Systemsprenger – Sprache ist nicht wirkungslos

Ich gebe zu: Es ist selten zielführend sich triggern zu lassen. Und schon gar nicht von Pressemitteilungen. Allerdings, wenn es so ins Auge sticht, das Wort das triggert, …

Systemsprenger. Für viele von uns kam das Wort mit einem erstaunlich eindringlichen Film gleichen Namens. Und mit den eindrücklichen schauspielerischen und dramaturgischen Leistungen, für der Film ja zu recht gelobt und ausgezeichnet wurde. SYSTEMSPRENGER. Das bleibt im Kopf und erreicht das Herz.

Da kommt Sprache und Alltagswelt-Erzählung durch Sprache ins Spiel. SYSTEMSPRENGER. Sprengen Systeme. Mit Gewalt. Tickende Zeitbomben. TERROR. Im Wortsinn, den kaum einer noch kennt, weil er ständig mit Adjektiven in eine gewünschte Bedeutung aufgeladen wird. Ich erspare Ihnen hier das Suchmaschinieren: Googles Oxford Languages sagt dazu auf deutsch:

  1. [systematische] Verbreitung von Angst und Schrecken durch Gewaltaktionen (besonders zur Erreichung politischer Ziele) „blutiger Terror“
  2. Zwang, Druck [durch Gewaltanwendung], „die Geheimpolizei übte Terror aus“

Es nennt auch Assoziationen: Druck, Nötigung, Zwang, Diktat, Pression, Kompulsion, Angst, Entsetzen, Furcht, Schrecken, Horror.

Systemsprenger sind Terroristen? Das Wort Terrorist ist im öffentlichen Sprachraum eindeutig demokratie-feindlich, system-sprengend aufgeladen. Ein Terrorist tötet friedliche Menschen, Systemangehörige, mit der Absicht, Angst und Schrecken zu verbreiten, um ein politisches oder monetäres Ziel zu erreichen. Er ist das Böse im Menschen.

Ja, aber, um der lieben Jugendhilfe willen (oder welches System wäre sonst gemeint?), was soll denn Terrorismus mit Kindern und Jugendlichen im System der Jugendhilfe zu tun haben?! Das ist doch absurd!

Ist es das? Wozu gibt es den Gewaltbegriff SYSTEMSPRENGER? Aus anderen Gründen, als eine Möglichkeit zur Abgrenzung von und Absonderung der Schutzbedürftigen zu ermöglichen, zu haben und zu etablieren? Abgrenzung zu den Friedlichen, Unschuldigen, Lieben, möglichen Opfer der Sprengenden (im übertragenen Wortsinn, aber dennoch).

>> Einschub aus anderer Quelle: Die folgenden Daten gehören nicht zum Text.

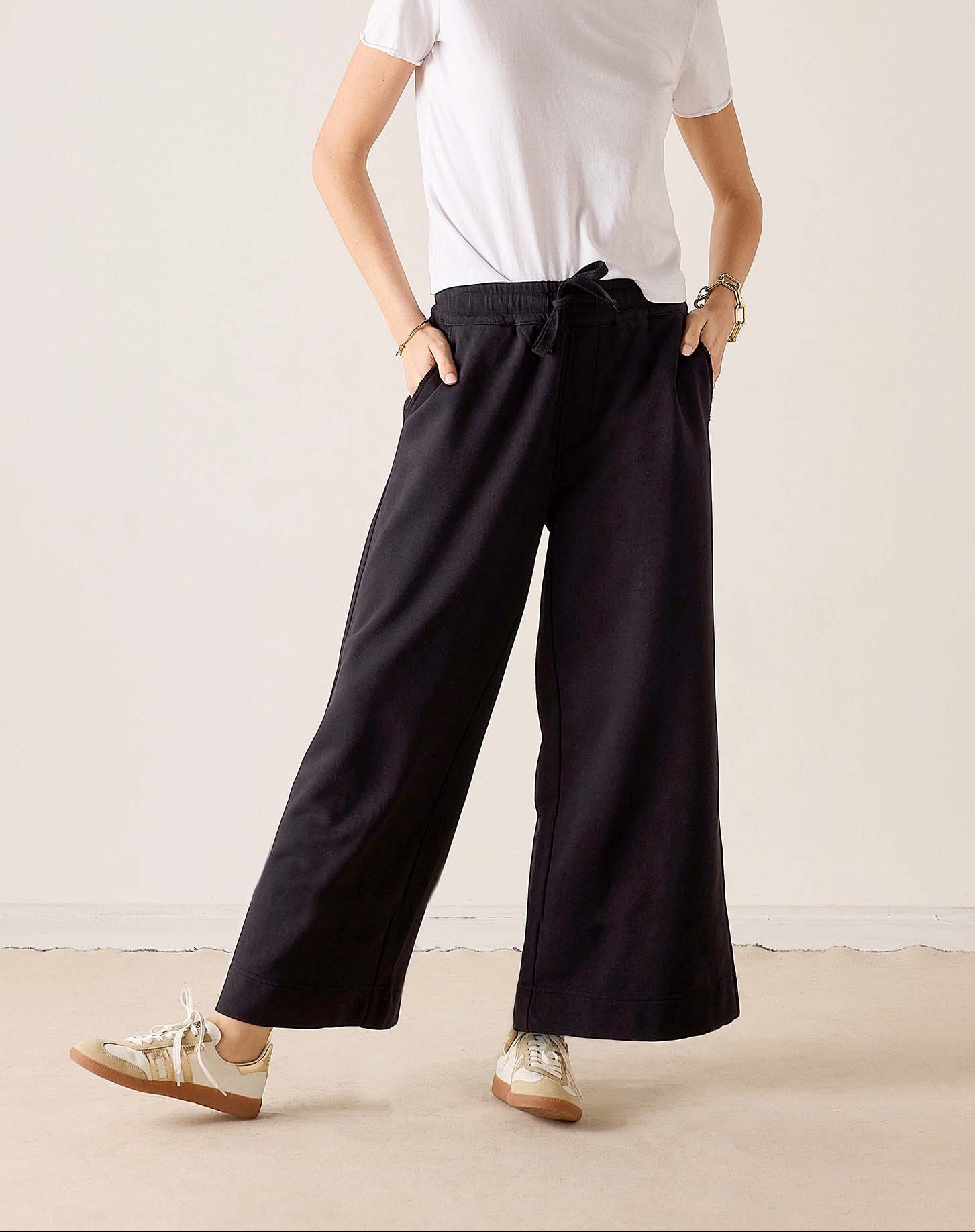 MERSEA women's travel-friendly black wide-leg trousers with an elasticated waist.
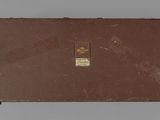 an old suitcase sitting on top of a table with a tag on it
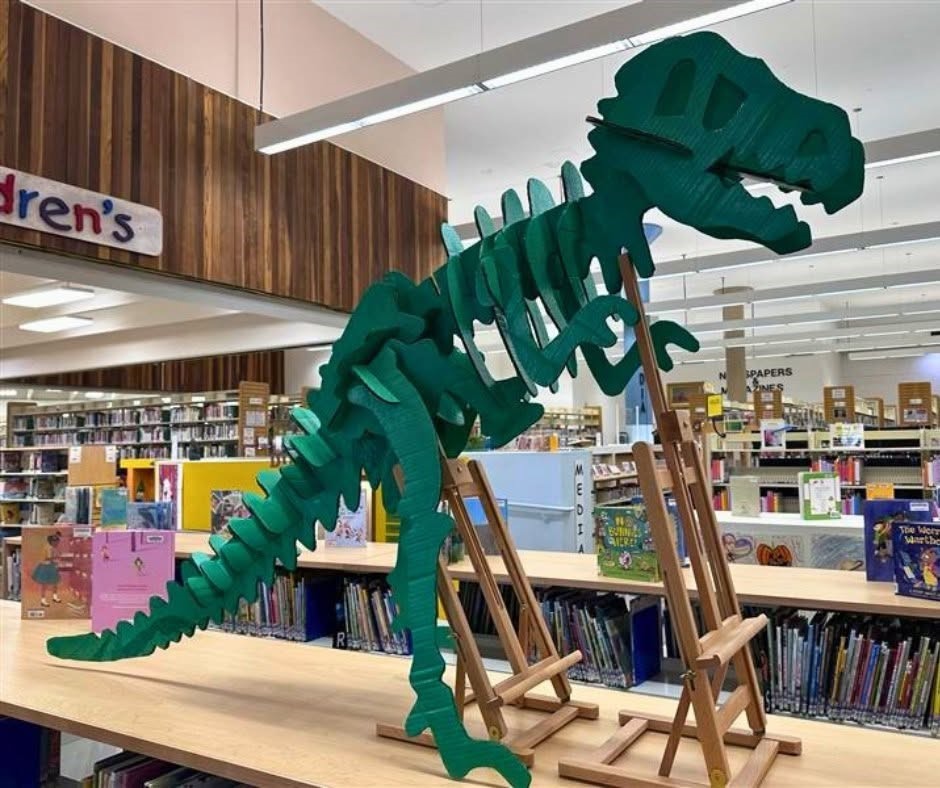 Dinosaur skeleton model on display in a library.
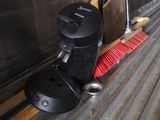 an image of a broom and brush on the side of a train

Wer Systemsprenger sagt, sagt: Das sind die anderen. Euch/Uns trifft keine Schuld. Als müsse man diese Kinder und Jugendlichen als AUßENSTEHENDE drastisch kennzeichnen, um sich selbst entschulden zu können, sie abzusondern und aufzugeben.

Aufzugeben? Das geht zu weit, gebe ich zu. Die Meldung der Ministerin verkündet ja gerade, dass der Umgang mit „Systemsprengern“ durch neue Vernetzung, Aufmerksamkeit und Fortbildung besser händelbar gestaltet werden wird. Allerdings im kurzen Pressetext sieben mal mit dem ebendiesem Wort „Systemsprenger“. Das System ist in Ordnung wird suggeriert, es sind die „sogenannten“ Sprenger/Gewalttäter, die es überfordern.

Wozu die Aufregung hier? Es ist doch nur ein Wort?

Nein. Es ist eine Einstellung zu den Menschen, die betroffen sind von der menschlichen, kindlichen, jugendlichen, familiären und gesellschaftlichen, mitunter systemischen/system-immanenten Gewalt. Kinder, Jugendliche, Erwachsene, Professionen, Verwaltungen, Systeme.

Monokausal? Keinesfalls. Das Problem haben wir als Gesellschaft und man darf es nicht kleinreden. Aber: Es wird nicht geringer und ist nicht erfolgversprechend lösbar durch eine was auch immer erheischen-wollende Aufladung und sprachliche Aufmunitionierung.

Kann man das ändern und wie? Ja, einfach. Ein anderes, nicht-diskriminierendes, nicht-ausgrenzendes, inklusiveres Wort finden und konsequent benutzen. Unsere moderne Gesellschaft beweist jeden Tag, dass so etwas möglich und sinnvoll ist.

Sprengen Sie doch Ihr Kommunikations-Repertoire … ähm … -System.